È la lezione necessaria per placare la sommossa in corso, un sub motus inaccettabile. Torna buono il detto latino “Ab urbe submoti”, tenuti lontano intanto dalla città! Si apre d’improvviso una botola e i condannati pendolano attaccati ad una fune al collo, oscillando quel poco, al pari di un metronomo, per dare il ritmo alle esecuzioni a seguire. Per un attimo sospesi tra la vita e la morte, pendendo dalle labbra di un militare che ordina al boia di procedere.

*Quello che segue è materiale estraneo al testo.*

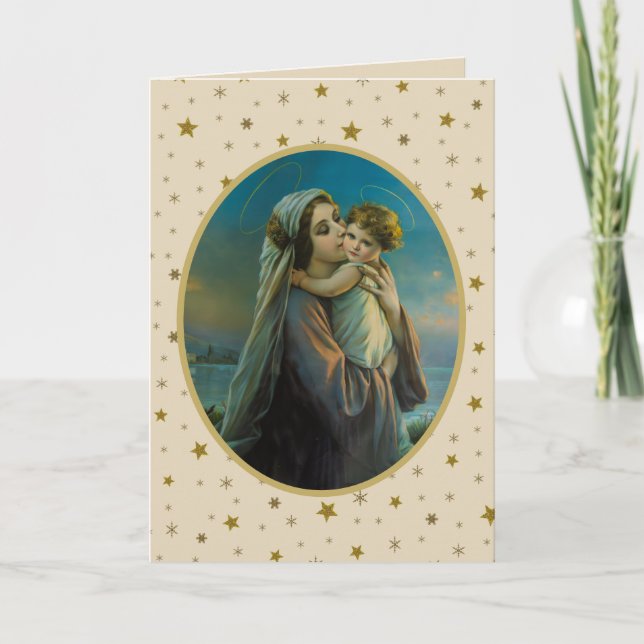 Cartes Pour Fêtes Annuelles Vierge Marie et Enfant Jésus sur fond étoilé (Devant)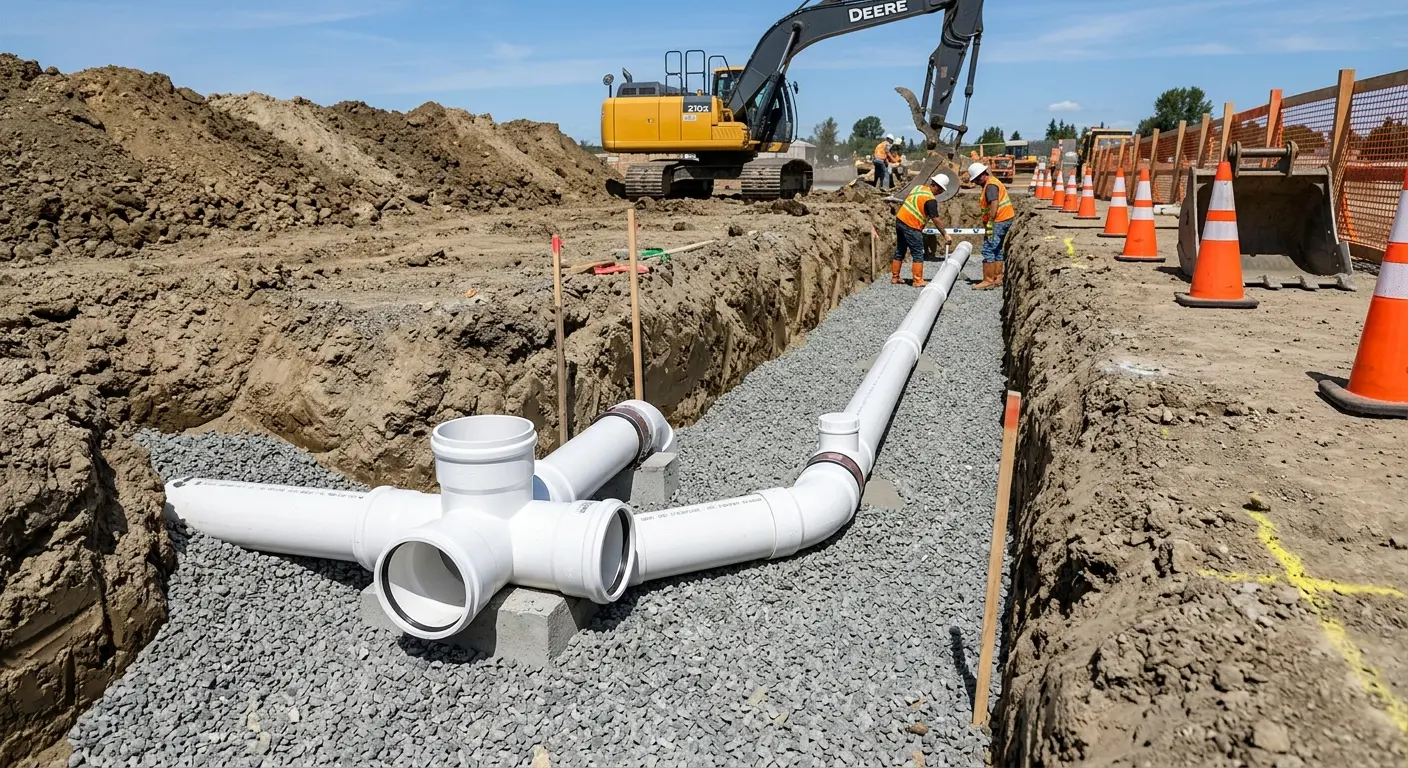New PVC sewer pipe installation in open trench for Commercial Drain Cleaning in Milledgeville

Si apre la botola e quei botoli di protestatari hanno il fatto loro. Resta ignoto se i tiranni hanno subito la suggestione occidentale dell’impiccagione adottando la tecnica inglese, dove il cappio è messo in maniera da spezzare le vertebre del collo al momento della caduta del corpo nel vuoto. In meno di un minuto la morte è garantita, parola di Saddam Hussein che ne ha sperimentato l’efficacia. O se invece si propenda seguendo il metodo classico per asfissia. In una decina di minuti si arriva ad analogo risultato, si arresta il polso, mentre il condannato ha però il tempo di ripensare al suo misfatto. Potrebbero chiedere in Francia esperti, per lo champagne, in metodo classico o in quello charmat. L’impiccagione presenta un ulteriore innegabile vantaggio. Né la fucilazione, la sedia elettrica e neppure la decapitazione hanno procedure che consentano di mantenere in mostra gli esiti del castigo subito dopo l’esecuzione. I corpi sono portati via e il sipario si chiude.

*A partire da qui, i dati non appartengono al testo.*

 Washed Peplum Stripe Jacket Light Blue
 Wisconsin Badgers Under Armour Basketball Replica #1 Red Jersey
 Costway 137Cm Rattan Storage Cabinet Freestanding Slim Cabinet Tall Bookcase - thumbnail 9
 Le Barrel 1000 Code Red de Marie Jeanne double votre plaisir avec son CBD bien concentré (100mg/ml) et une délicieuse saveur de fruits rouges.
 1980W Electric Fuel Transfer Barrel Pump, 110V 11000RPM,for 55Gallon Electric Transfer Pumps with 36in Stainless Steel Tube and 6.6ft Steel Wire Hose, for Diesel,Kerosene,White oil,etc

Il wrestling è un’arte marziale teatrale con colpi già prestabiliti tra i duellanti. Un suo campione, Navid Afkari, e il campione di Karate, Mohammad Mahdi Karami, sono stati nel tempo di un mese o poco più impiccati. Non si lotta contro il potere. Con loro anche Seyyed Mohammad Hosseini che ha prestato invece volontariato con i bambini e che poteva forse istruirli alla libertà. Giorni prima è stato il turno, nella pubblica piazza a Mashad, di Majidreza Rahnavard con un rito più spettacolare: vestito di bianco, il volto coperto, il corpo che penzola dalla gru, così che tutti possano vedere la lezione da tenere a mente. Non è il magnifico uccello che a seconda del manto e della grazia è chiamato gru damigella, cenerina, coronata o del paradiso. Qui siamo all’Inferno: la gru è quel braccio mobile di ferro che regge pesi importanti ben in alto nell’aria in modo che tutti possano ammirare il carico che sostiene. Tranne qualche strepito di convenienza, il mondo tace. L’Europa sbadiglia. Non si tratta di pensieri in gabbia ma di fare spallucce. Fino a mostruosamente ingobbirsi.